Inspired and guided by her faculty mentor Robert Johnson, Laing focused her senior capstone on African American women in the criminal justice system. In August, she will apply her work at AU to a job with Change Corps, an organization that focuses on community-orientated training and service around the country . Laing said she ultimately plans to go to law school and work towards a career as a criminal defense lawyer.
“My experience at AU with the advocacy that I’ve done helped me, but I don’t think anything will prepare me for my specific work that I will do with the organization,” Laing said regarding her job with the Corps. “But AU put me on the right path, prepared me for the long hours, how much work it’s going to be, and knowing how to take care of myself.”
Senior Matt Waskiewicz, who was recognized for Outstanding Service to the University Community, also credits his time at AU for helping him explore his interests and for challenging him mentally, physically and intellectually. As a student, Waskiewicz served as a Resident Assistant, editor of AU’s undergraduate research journal and president of the Student Honors Board, as well as participating in the Student Government.
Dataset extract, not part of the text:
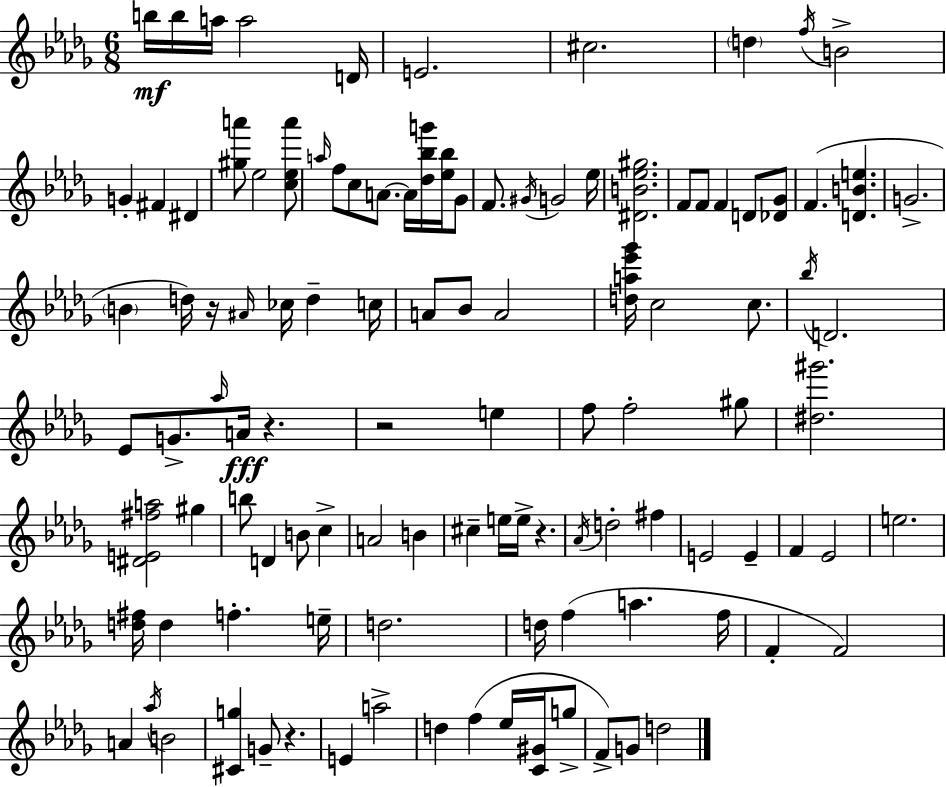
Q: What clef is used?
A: treble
Waskiewicz will be traveling to Wales in September to study urban and regional development, and he hopes to bring lessons back from the UK that he can implement into policy in his home state of Massachusetts.
“Service to me is more of an idea that everything that you have is because of yourself, but also because of everyone else around you, so in turn you have, I believe, the obligation, to help those around you,” Waskiewicz said.
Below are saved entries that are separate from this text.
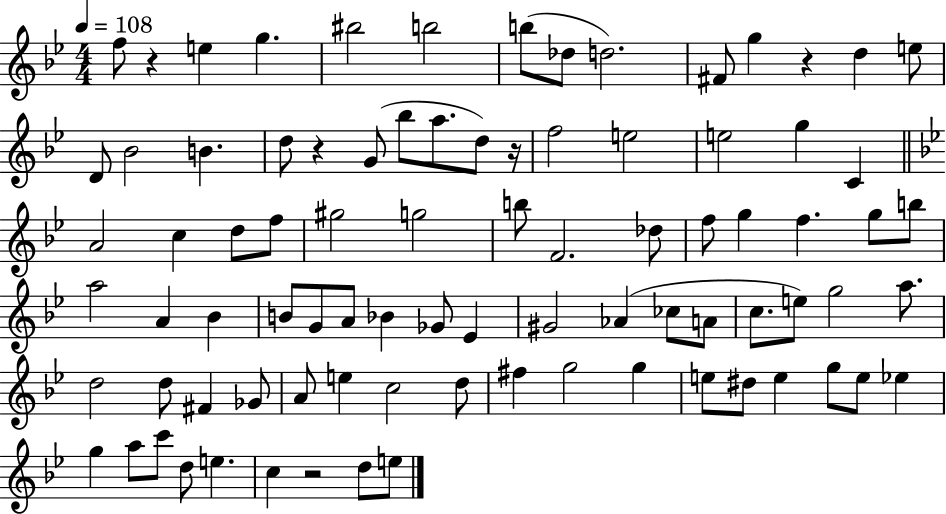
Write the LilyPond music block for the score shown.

{
  \clef treble
  \numericTimeSignature
  \time 4/4
  \key bes \major
  \tempo 4 = 108
  f''8 r4 e''4 g''4. | bis''2 b''2 | b''8( des''8 d''2.) | fis'8 g''4 r4 d''4 e''8 | \break d'8 bes'2 b'4. | d''8 r4 g'8( bes''8 a''8. d''8) r16 | f''2 e''2 | e''2 g''4 c'4 | \break \bar "||" \break \key bes \major a'2 c''4 d''8 f''8 | gis''2 g''2 | b''8 f'2. des''8 | f''8 g''4 f''4. g''8 b''8 | \break a''2 a'4 bes'4 | b'8 g'8 a'8 bes'4 ges'8 ees'4 | gis'2 aes'4( ces''8 a'8 | c''8. e''8) g''2 a''8. | \break d''2 d''8 fis'4 ges'8 | a'8 e''4 c''2 d''8 | fis''4 g''2 g''4 | e''8 dis''8 e''4 g''8 e''8 ees''4 | \break g''4 a''8 c'''8 d''8 e''4. | c''4 r2 d''8 e''8 | \bar "|."
}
Amanda Molina joined Waskiewicz as another winner of the Outstanding Service Award, becoming the first Washington College of Law student to earn the distinction in four years.
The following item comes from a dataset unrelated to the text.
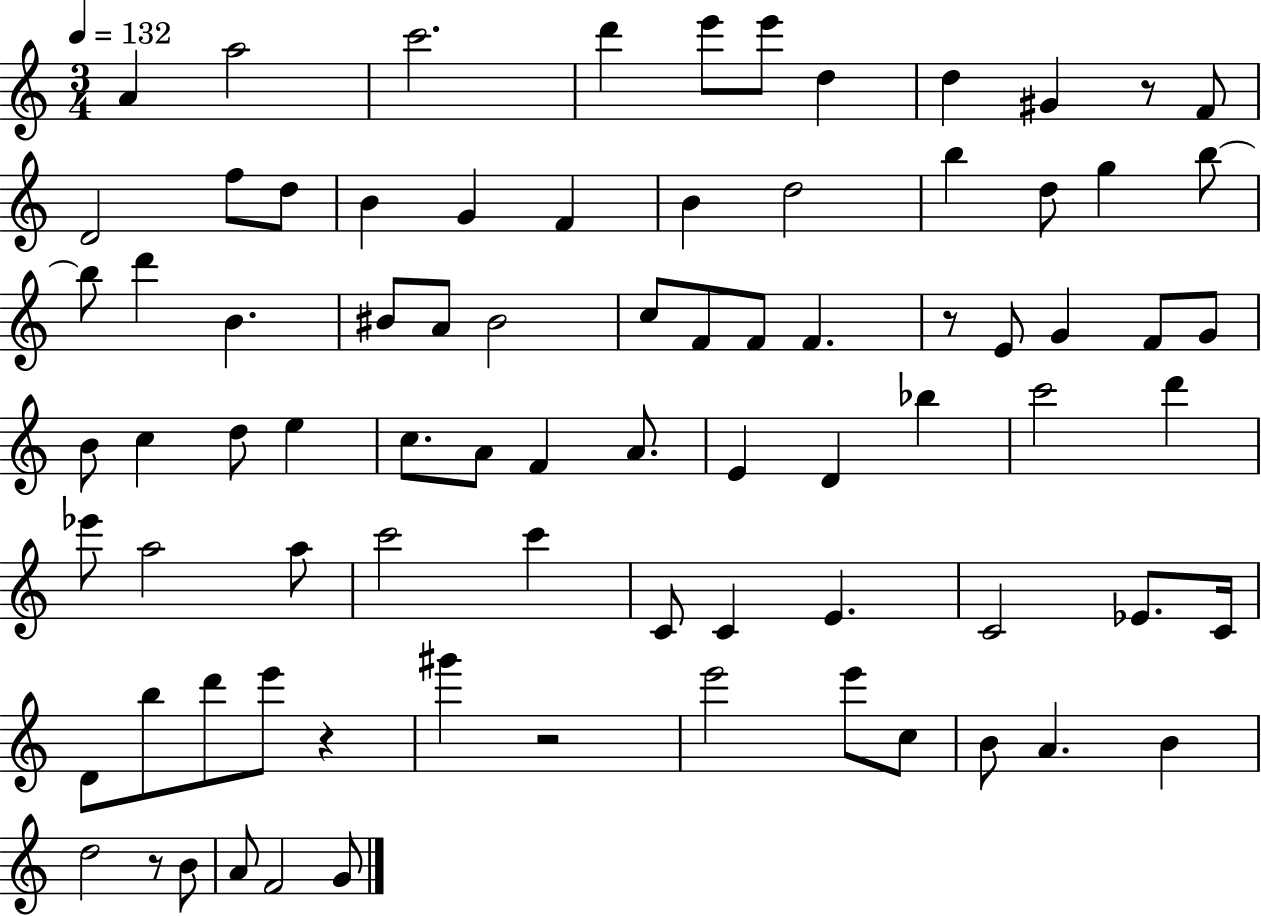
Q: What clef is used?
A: treble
Tofigh Maboudi, another graduate student, earned the Outstanding Scholarship Award, and he said his experience at AU transformed him from a shy, quiet student to a political scholar capable of inspiring others to learn and discover their own passions.
“The opportunity to teach and collaborate with my adviser and other colleagues at AU also shaped my perspective of the academia in general and convinced me to continue my career in the academia both as a teacher and as a scholar,” Maboudi said in an email. “And I am glad that this coming fall I will be an assistant professor of political science at Loyola University Chicago where I can pass my own experience to my students at Loyola.”
Chelsea Horne, who earned a Master in Fine Arts in May, was honored as a recipient of the Outstanding Scholarship Award for graduates as well, while Jake Nieb and Brian Hamel earned scholarship recognition at the undergraduate level.
In addition to the President’s Award and the Service and Scholarship Awards, AU also honored ten individuals with recognition for their leadership and commitment to the campus community.
Bahamian native and history major Toby McCarroll earned the Stafford H. Cassell award for leadership after demonstrating his commitment to others through his involvement on the AU varsity swim team and the Student-Athlete Advisory Committee. McCarroll said he hopes future students at AU embrace the opportunities offered through the University and use those experiences to speak up and find their passions.
“Take in as much as you can,” McCarroll said. “Things I never expected I would know, I learned through my various experiences with professors and people in the University community, and I really think you should take advantage of those while taking advantage of the fact that you are in D.C., the nation’s capital.”
Nate Sundermeier, the winner of the Charles W. Van Way Award for community building, agreed with the importance of networking and learning, but he also emphasized the value of balancing hard work with fun and relaxing activities. When asked about his favorite classes at AU, Sundermeier cited both water aerobics and journalism ethics.
“I loved AU because there were so many different parts of AU that as time went on you just kept peeling back another layer, and meeting new people that have very distinct passions that are very unique to other students on campus,” Sundermeier said.
The Calton Savage Award and the Charles C. Glover Award went to Jennifer Zolla and Alya Shaiful Bahari, respectively, while Grant Conway picked up the Fletcher Scholar Award. AU also honored Haley Hawkins for the Catheryn Seckler-Hudson Award and Lex Loro for the Brue Hughes Award.
“That award [Lex] won is so perfect for her because she really is just so mature and really helped me grow my knowledge on a whole bunch of things,” Sundermeier said.
Dyani Brown, an SOC graduate like Loro and Sundermeier, earned the Harold Johnson Award for her commitment to strengthening the Native American community on campus, and she said she has three simple pieces of advice for future grads.
“Be realistic in what you can contribute, communicate when you have issues and make sure that you follow through on your commitment to that group before you move on to your own things,” Brown said.
Kaitlyn Mesic won the the Evelyn Swarthout Hayes Award, and Evie Unsworth won the Kinsman-Hunt Award. Unsworth, like Brown, urged AU students to discover their passions and explore things that they genuinely enjoy.
“Find your niche on campus -- whether it be greek life, a club, sports team, or leadership position,” Unsworth said in an email. “Find some place that keeps you connected to AU. Also, look for those individuals who can support you, push you to be a better person, and encourage you to enjoy yourself in the process.”